A Dataset of Python Code Change Patterns

Reviewed by Greg Wilson / 2023-04-22
Keywords: Dataset

One of the most effective ways to encourage collaboration is to share your code and data, and that's what the authors of this paper have done. They have assembled a dataset of generalizable Python code change patterns, each of which is annotated with a description of what it does, how it is applied, and where it occurred. I can think of half a dozen ways to use this, and I'm sure many readers can think of more. If you'd like to play with the dataset, you can download it from Figshare.

Akalanka Galappaththi and Sarah Nadi. A data set of generalizable python code change patterns. 2023. arXiv:2304.04983.
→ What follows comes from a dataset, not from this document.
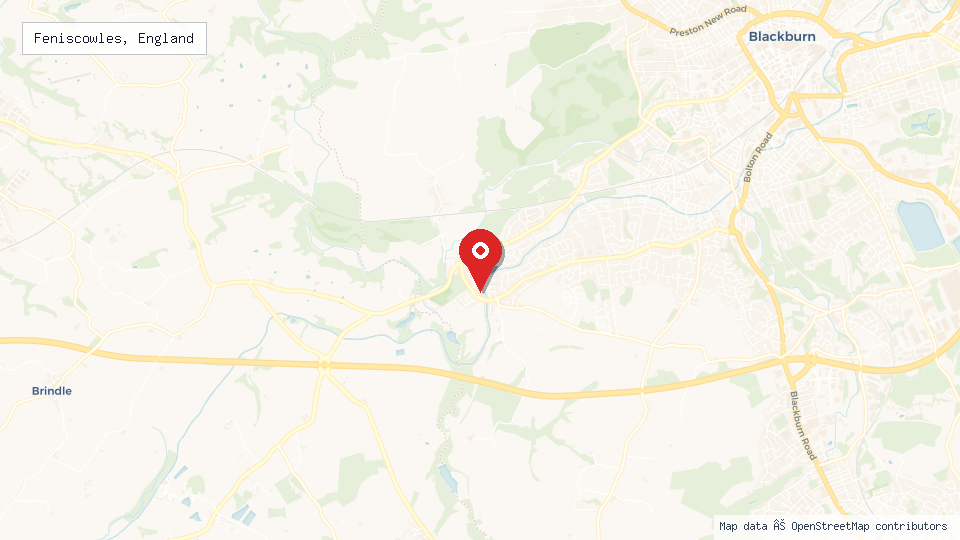 Street map of Feniscowles, England with location pin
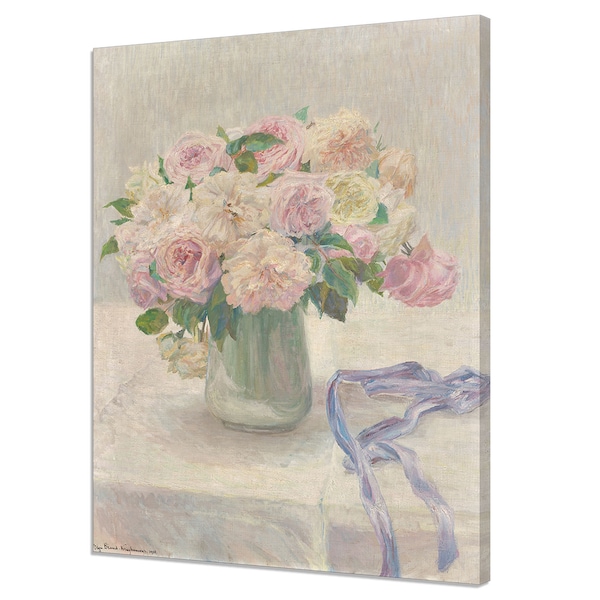 Pink Pale Roses, Still Life Of Flowers In A Vase, Victorian Bouquet of Flowers, Vintage Oil Painting Canvas Print, Antique FIne Art Print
Mining repetitive code changes from version control history is a common way of discovering unknown change patterns. Such change patterns can be used in code recommender systems or automated program repair techniques. While there are such tools and datasets exist for Java, there is little work on finding and recommending such changes in Python. In this paper, we present a data set of manually vetted generalizable Python repetitive code change patterns. We create a coding guideline to identify generalizable change patterns that can be used in automated tooling. We leverage the mined change patterns from recent work that mines repetitive changes in Python projects and use our coding guideline to manually review the patterns. For each change, we also record a description of the change and why it is applied along with other characteristics such as the number of projects it occurs in. This review process allows us to identify and share 72 Python change patterns that can be used to build and advance Python developer support tools.